Besides large-scale dragons, Carlson includes a gathering of tiny figurines of dragon-slaying saints inspired by Renaissance depictions, their features and attributes nervously indicated without being overworked, and a pair of toddler-sized fists in glazed porcelain whose exquisite breakaway wrists resemble hatched eggshells. The mastery of craft in these smaller works contrasts with her cloddish dragons, which flaunt clay’s almost comedic inaptness for hazardous duty. (Equally outlandish weapons for dragon slaying, a plastic cocktail sword and a tinfoil spear, are wielded by a couple of the saintly figurines.) The humor in Carlson’s choice of materials cuts both ways, not only against the grandiose tenets of monumental sculpture, but against the cuteness of artisanship; and by the same token her dragons resist pervasive clichés, whether Wagnerian or Potteresque.
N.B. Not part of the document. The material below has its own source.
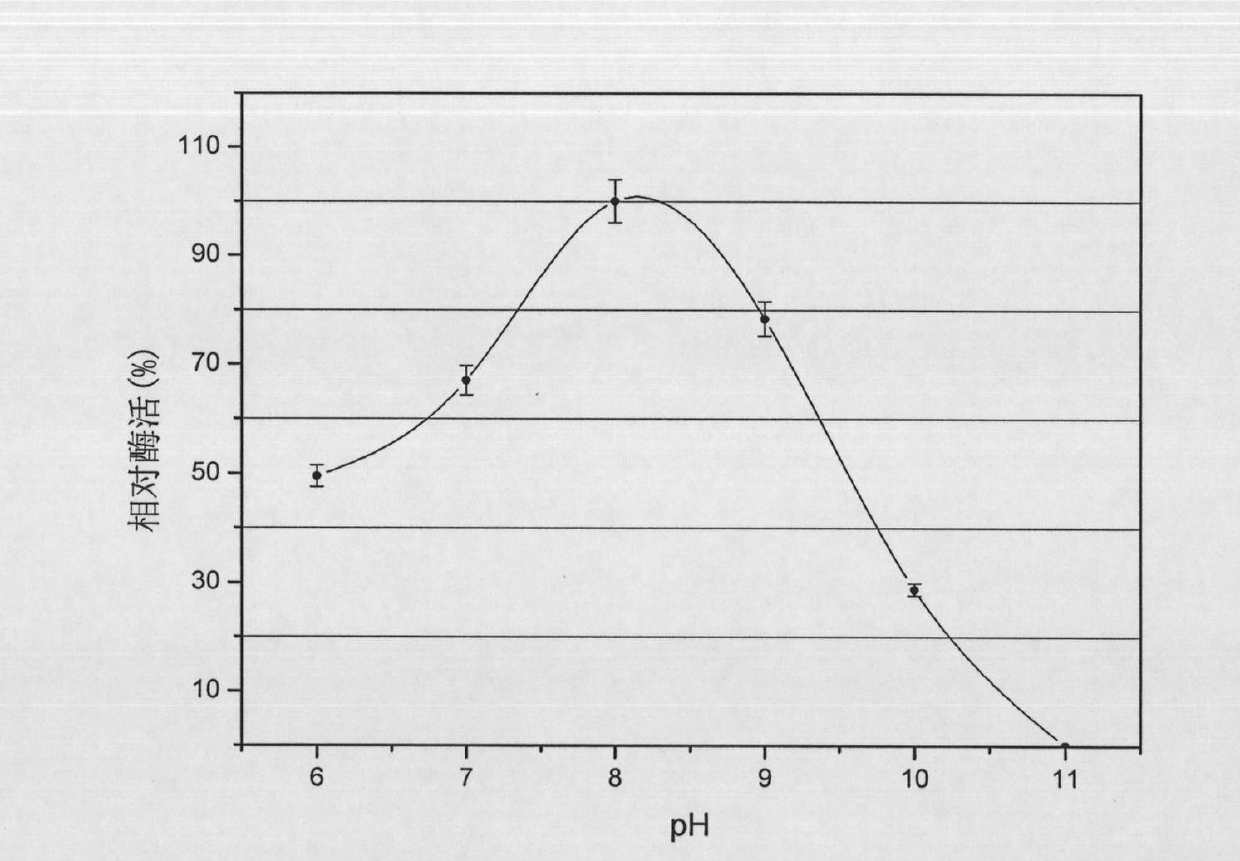 Organic solvent resistant protease producing strain, gene of organic solvent resistant protease produced thereby and application of organic solvent resistant protease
Big Blue, a misshapen, 13-foot-long serpent laid out on a feasting table, is all the more hideous a monster, and all the more compelling a sculpture, for abusing teacup materials. As if digesting a kill in one place while pinching to nothing in another, the dragon’s body – assembled from separately-fired stoneware elements drizzled with blue crackle glaze – swells in a way that makes one think queasily of a blocked intestine, or of an enormous tapeworm crashing a dinner party.
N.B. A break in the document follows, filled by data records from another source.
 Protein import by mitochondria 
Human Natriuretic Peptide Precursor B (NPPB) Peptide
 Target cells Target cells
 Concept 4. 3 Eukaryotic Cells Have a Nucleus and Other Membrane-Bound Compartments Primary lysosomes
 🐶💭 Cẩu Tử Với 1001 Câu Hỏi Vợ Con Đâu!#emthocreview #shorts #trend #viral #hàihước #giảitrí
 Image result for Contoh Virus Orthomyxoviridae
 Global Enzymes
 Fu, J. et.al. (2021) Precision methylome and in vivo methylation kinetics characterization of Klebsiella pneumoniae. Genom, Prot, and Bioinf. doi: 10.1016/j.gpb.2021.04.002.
Carlson’s no-nonsense tabletops, custom fitted to her dragons, can also suggest pathology slabs or fish market counters. Four Part Snake (2010), though, is not quite ready for filleting: its googly, doglike eyes flicker with the last light of fateful recognition, perhaps of betrayal, while its gaping, floundering head tips the balance of its useless coil of a body like a spent cornucopia. On the floor below we find a separately titled piece, Pool, which, given its placement, reads as the pitiable creature’s blood. Yet this shiny pink, plate-sized lump looks more like fake vomit –– it’s as comical as it is tragic. Is this wounded Goofy dying for our ridiculous, insatiable sins?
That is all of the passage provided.